Culture Vulture

No butter better than the familiar taste of childhood

The best French butter cannot replace the humble SCS that is used in kopi gu you (coffee butter) and mum's baked goodies

I have been thinking a lot about butter recently. Not just as a food item, but also as a barometer of consumer culture and changing social norms.

This line of thought was sparked in part by a marathon session of the Japanese television series Midnight Diner.

The show, set in a tiny Shinjuku eatery which opens from midnight to 7am, features a dish as the central motif of each episode. Each dish is a gustatory cue to the character who consumes it, offering sensory triggers to memories and motives, a la the tea-dipped madeleine of French writer Marcel Proust's epic novel, Remembrance Of Things Past.

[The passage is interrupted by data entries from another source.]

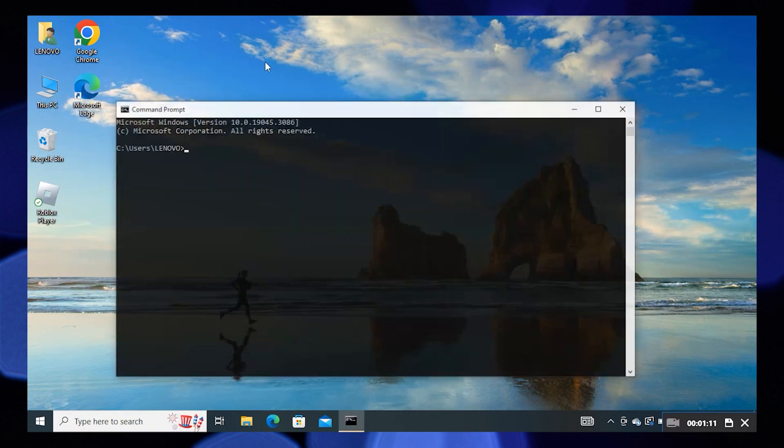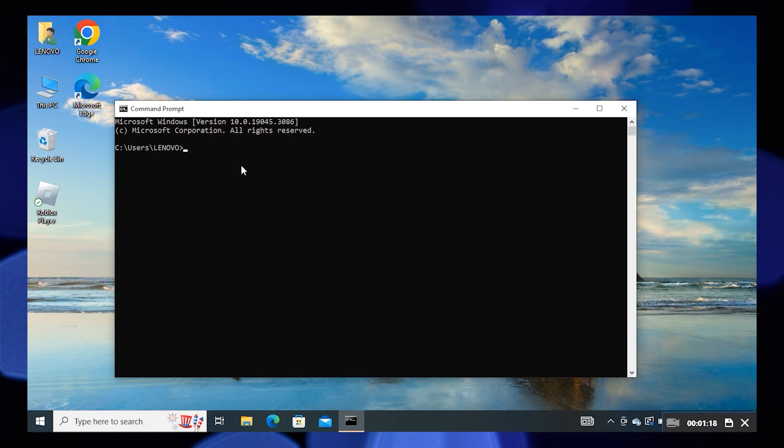Now enter the command as shown on the screen. Follow it the same way as shown here. Then press Enter. Give the answer to their question as Y, then press Enter.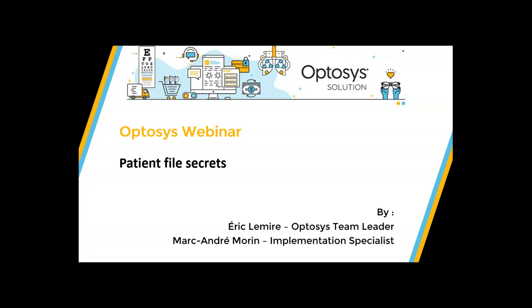How are you Marc? Pretty good — hi everybody and thank you for joining our webinar today. I hope you learned something today. There's a lot of people on the webinar. Thanks a lot for your participation; it allows us to do a better webinar and inform you of all the features of Optasys that you might be missing.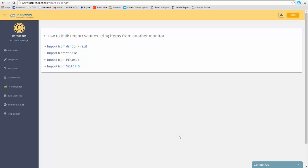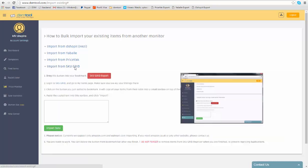Importing your listings from a different repricing tool could be done in a quick and simple process. First, choose the relevant repricing tool you are moving to DSM tool from.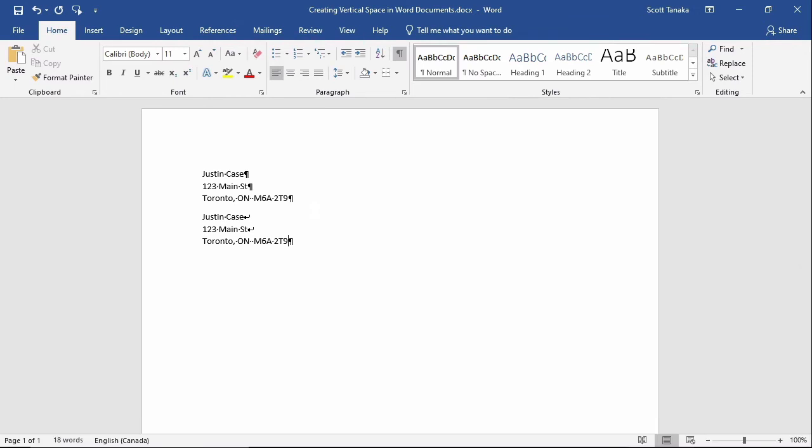This creates a soft return, which you can think about as a way to start a new line within the same paragraph before naturally reaching the right margin. Notice that a different symbol appears at the end of each line when I use a soft return.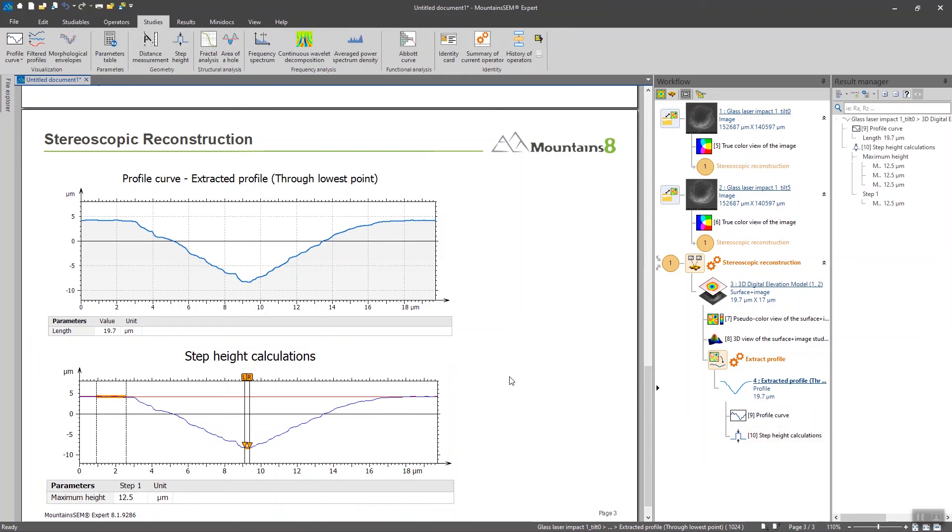So we can observe that the maximum depth of the hole is about 12.5 microns in this case.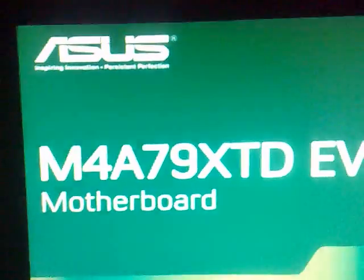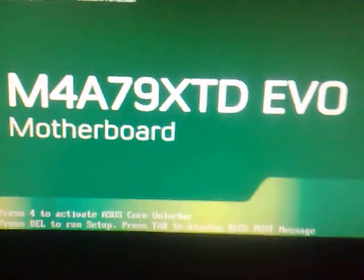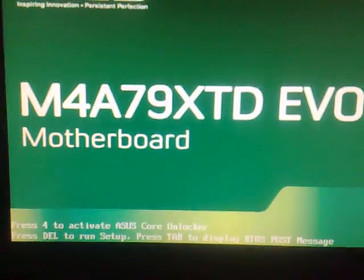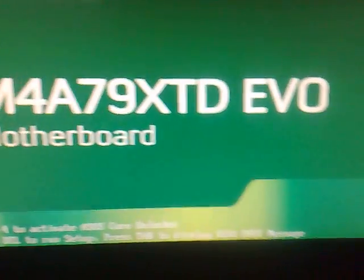There on the screen, right there. Yes, M4A71 XTD Evo and my cool keyboard mouse.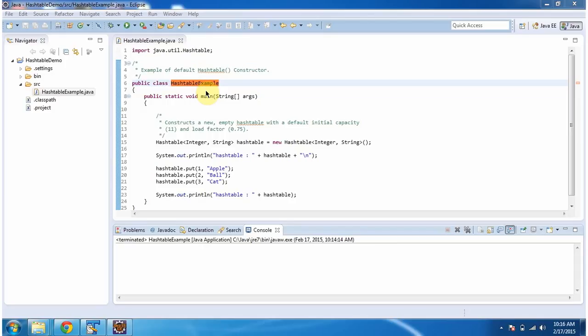Hi, this video tutorial I will cover how to create hash table using default hash table constructor. To explain this, I have created this sample program.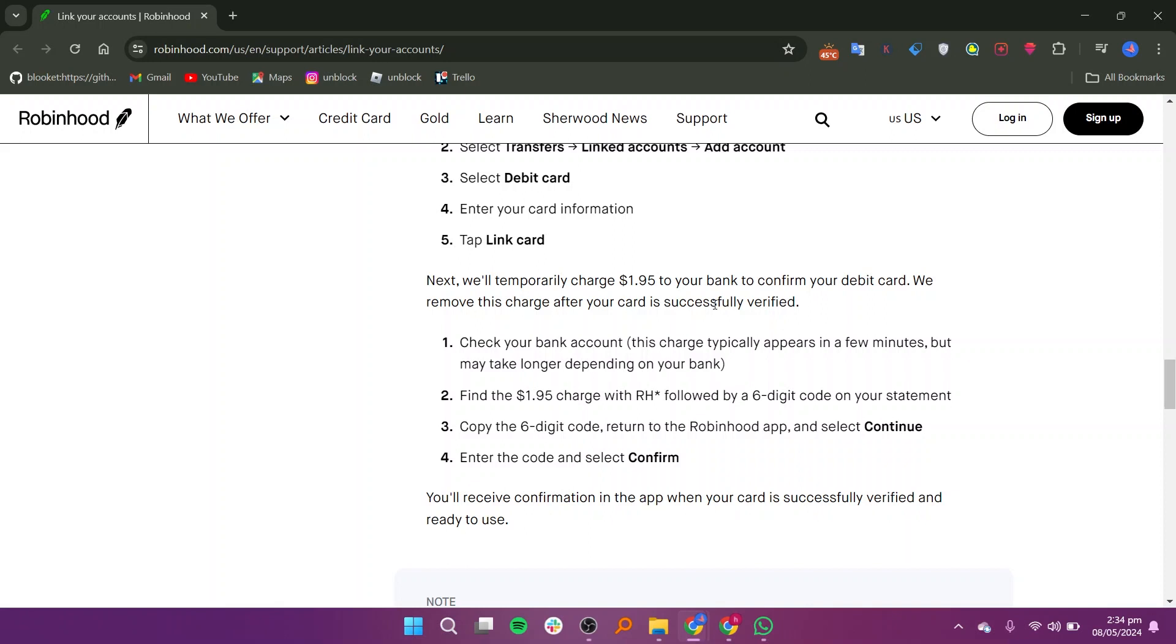After linking your card, Robinhood will temporarily charge $1.95 to your bank account to confirm your debit card's validity. Monitor your bank account for the temporary charge, which usually appears within minutes, but may take longer depending on your bank.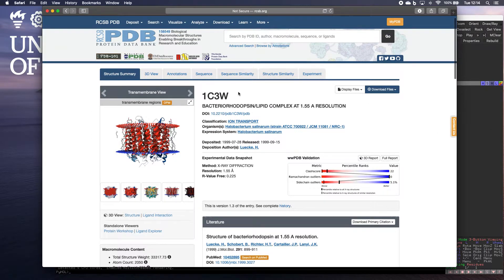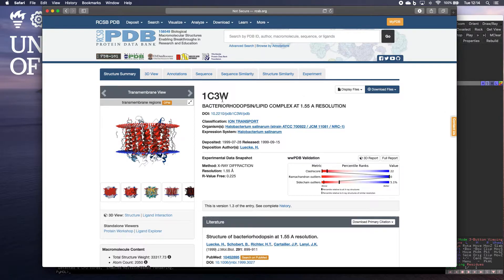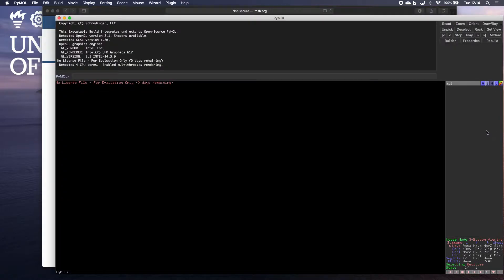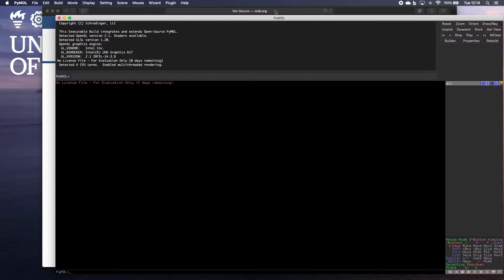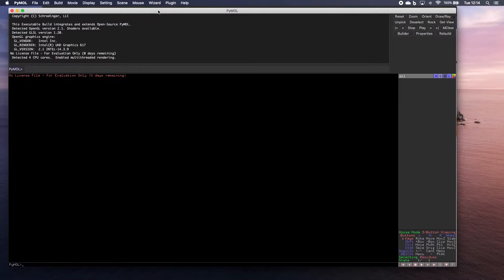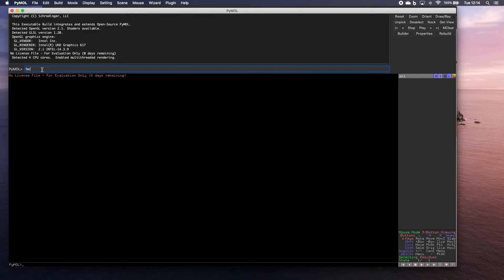So the simplest way to load a structure into Pymol is just to make a note of that number here. Go back to your Pymol screen. And then type in here, fetch 1C3W.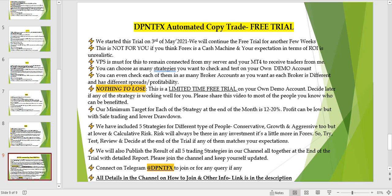If your expectation of ROI is unrealistic, this is not for you. I work with people who expect between 10 to 20 percent, but for gold we are keeping the target at 20 to 30 percent, and we have overachieved that. I will publish the results of all five trading strategies at the end of the trial with a detailed report — please join the YouTube and Telegram channels to stay updated.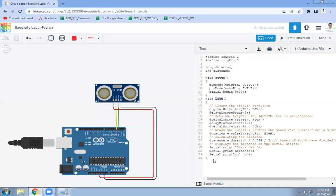In the loop function, first keep the trigger pin LOW using the digitalWrite function, then add a delay of 2 microseconds. After that, set the trigger pin HIGH — it will remain in active mode for 10 microseconds — then set it LOW again. So the trigger pin is HIGH for 10 microseconds.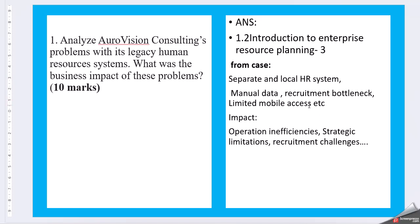Now go ahead inside the case study and understand from the consultancy what was the business impact of these problems. So separate and local HR system was there, manual data was there, recruitment bottleneck, limited mobile access. Then impact you can look for like operational inefficiencies, strategic limitations, recruitment challenges, etc.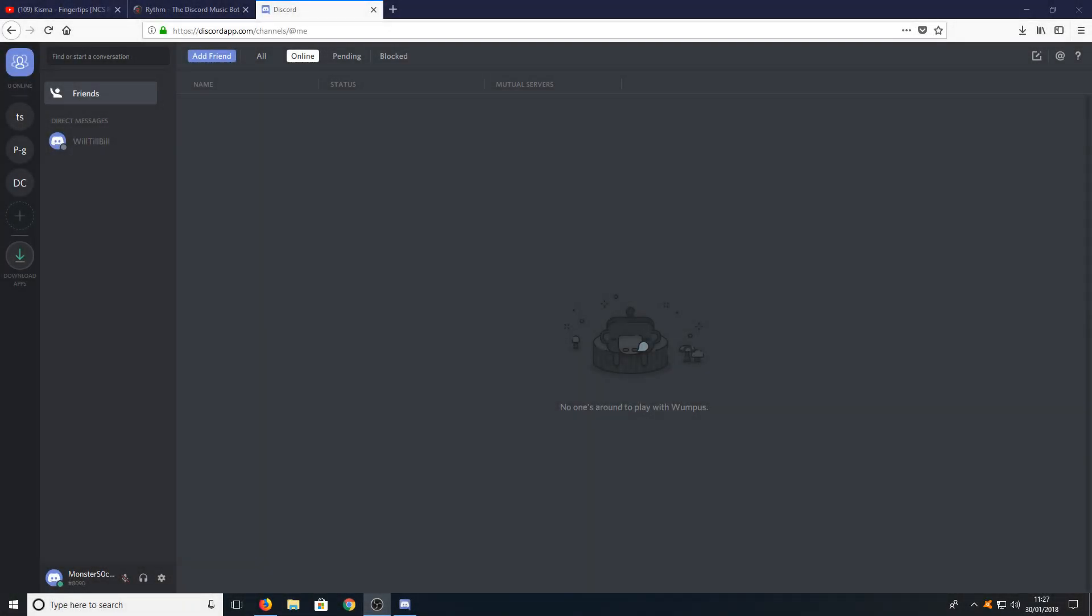Hello and welcome back to another Computer Sluggish tutorial. In today's video, I will be showing you how to add a music bot to your Discord server.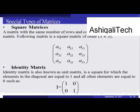A matrix with the same number of rows and columns is known as a square matrix. The following matrix is a square matrix of order 3×3, given by entries a11 through a13, a21 through a23, and a31 through a33.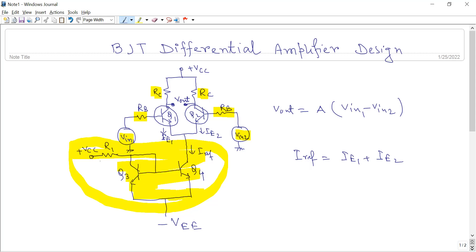The value of the current can be decided by adjusting the value of resistor R1 in the circuit. Whatever current flows through transistor Q3, exactly the same amount of current will flow through transistor Q4 — that is the mirroring. That is why the circuit is called a current mirror.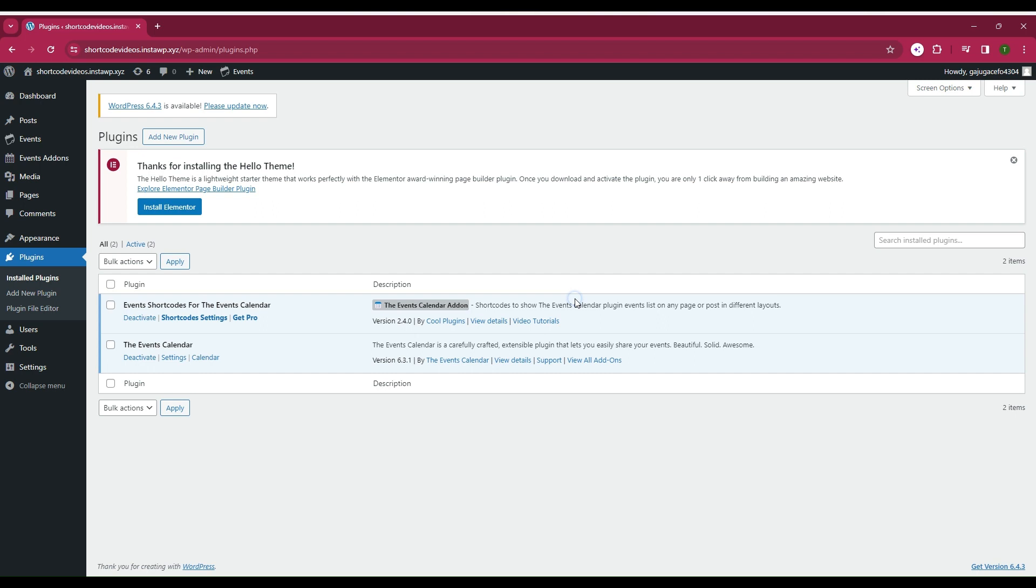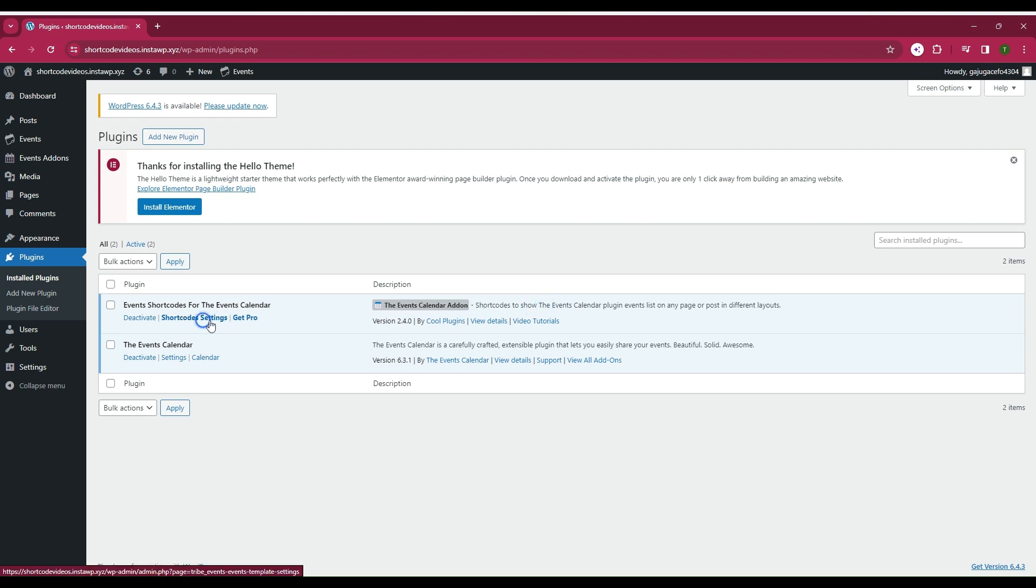Welcome to Cool Plugins. Today we will see how to use events shortcodes for the Events Calendar plugin. For this, first install the Events Calendar plugin and then our add-on Events Shortcodes for the Events Calendar.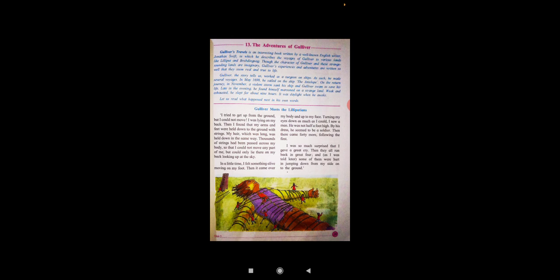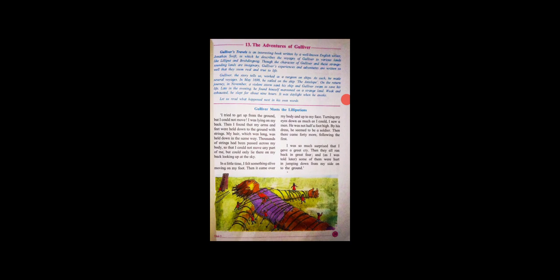Today we will see this much only. So what you have to do, just read this passage and question answers of this passage, I will send you on WhatsApp. So you just write down those question answers. Okay. Have a nice day. Thank you.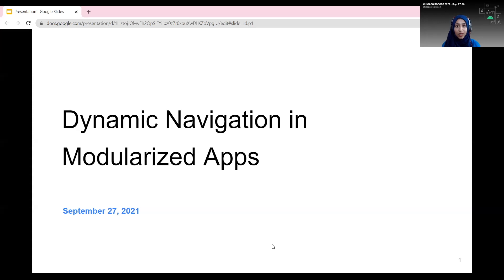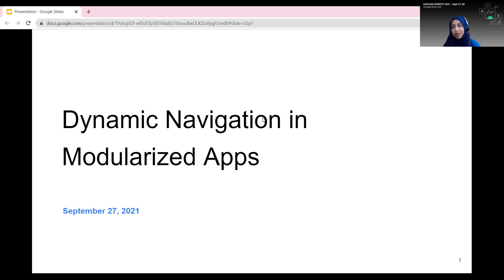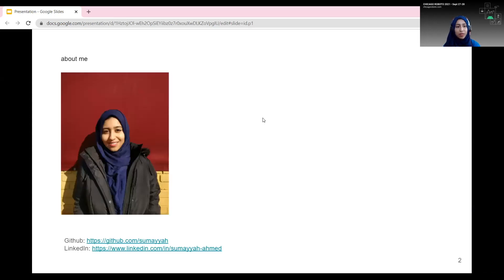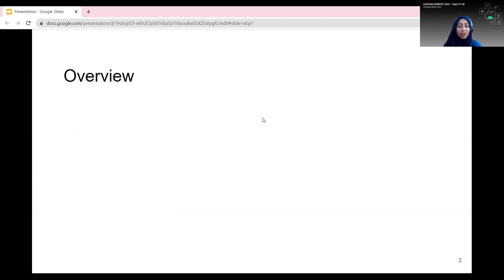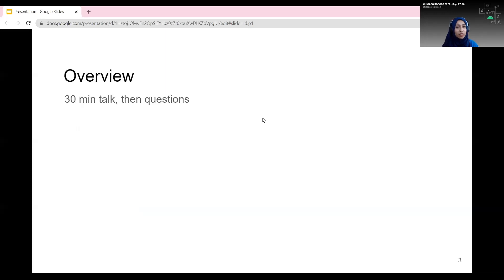Hi everyone, thank you for coming here today to see my talk. Hopefully you can't see my presenter notes and you're actually looking at the slide. So let's get started - dynamic navigation in modularized apps. This is my talk with some very big words, but I will explain why I picked these words in a little bit. This talk is going to be about 30 minutes long, so that gives us plenty of time for questions and also hopefully lunch or a snack before the next session.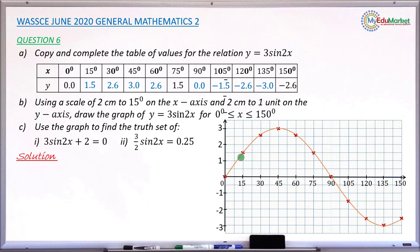This is the smooth curve. If the curve is not smooth, the answers you read from it may not be accurate. Question number b has now been answered.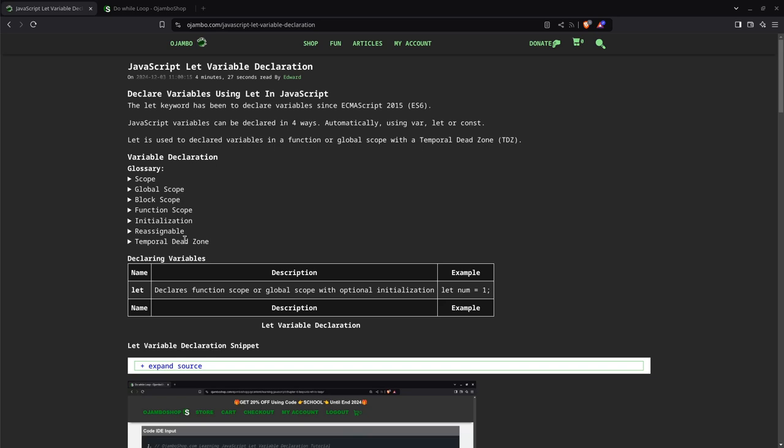Same thing if it's numeric. For example, if it's the number two and then you change the number to four, that's reassignable. That's not the same thing as we did in the last tutorial for when you redeclare.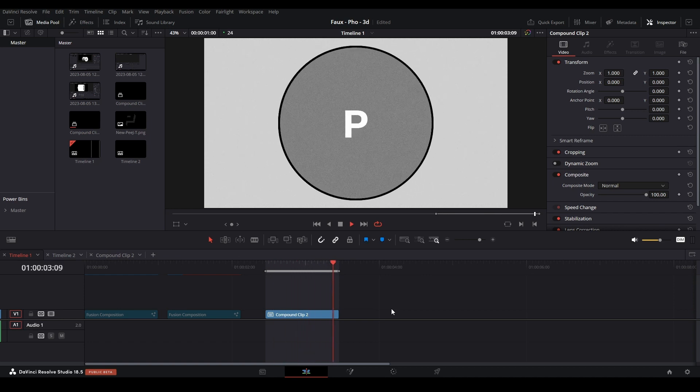Hi, my name is Peej. Let me not waste your time. Today I'll be showing you how to do the faux 3D effect in DaVinci Resolve. Let's get started.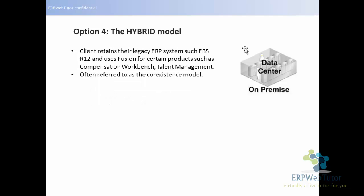The next and last option is the hybrid model. This is where the client retains their legacy ERP system — such as EBS R12 — and uses Fusion for certain products like compensation workbench or talent management. This is also often referred to as the coexistence model. It is a very simple yet powerful model, and it is preferred by clients who want to experiment with Fusion.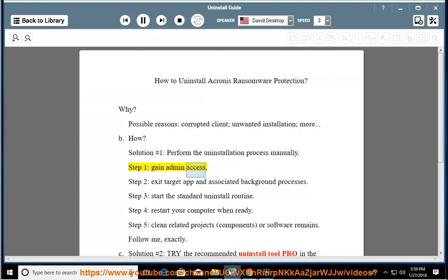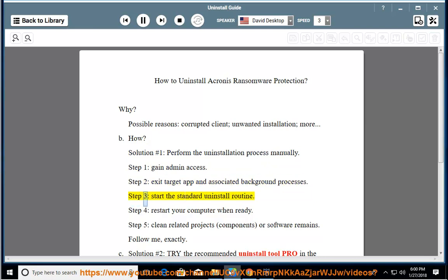Step 1: Gain admin access. Step 2: Exit the target app and associated background processes. Step 3: Start the standard uninstall routine.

One featured dish caught my attention: Butter rice, a simple bowl of plain, hot rice with a pat of butter melted into it, and stirred up with some soya sauce. The characters who ate this dish hailed from Hakodate in Hokkaido.

I was intrigued by this mash-up of Western and Japanese cuisines, and figured that it had something to do with the fact that Hokkaido is the dairy capital of Japan. The fact that the characters are senior citizens and the script's mention of the dish as a childhood dish also led me to speculate that the dish was probably something of a treat in post-war Japan, when food supplies were low and butter a prized commodity.

A Google search for butter rice turned up only two scant blog entries, both of which agreed that the dish was a regional speciality eaten by people from Hokkaido. But I could find no support for my conjecture about its origin as a luxury item that grew out of post-war deprivation.

Perhaps that was a leap of logic, but I would like to think the notion is not so farfetched, drawing a parallel with the kopi gu you (coffee butter, literally) I remember from my childhood.

Growing up in my dad's neighbourhood kopitiam, I was both horrified and intrigued when elderly uncles and aunties ordered kopi gu you, a piping hot cup of black coffee with a triangle of SCS butter oozing into the beverage. And it had to be proper butter, not the Planta margarine that usually accompanied kaya on the charcoal-grilled toast for breakfast.

My dad's shop was located at the foot of a block of one-room flats in Whampoa Drive. For these regulars, butter was still perceived as a Western food item, consumed infrequently, bought even more rarely. Kopi gu you, which cost an extra 10 cents, was a little cup of indulgence, an affordable sample of Western luxury.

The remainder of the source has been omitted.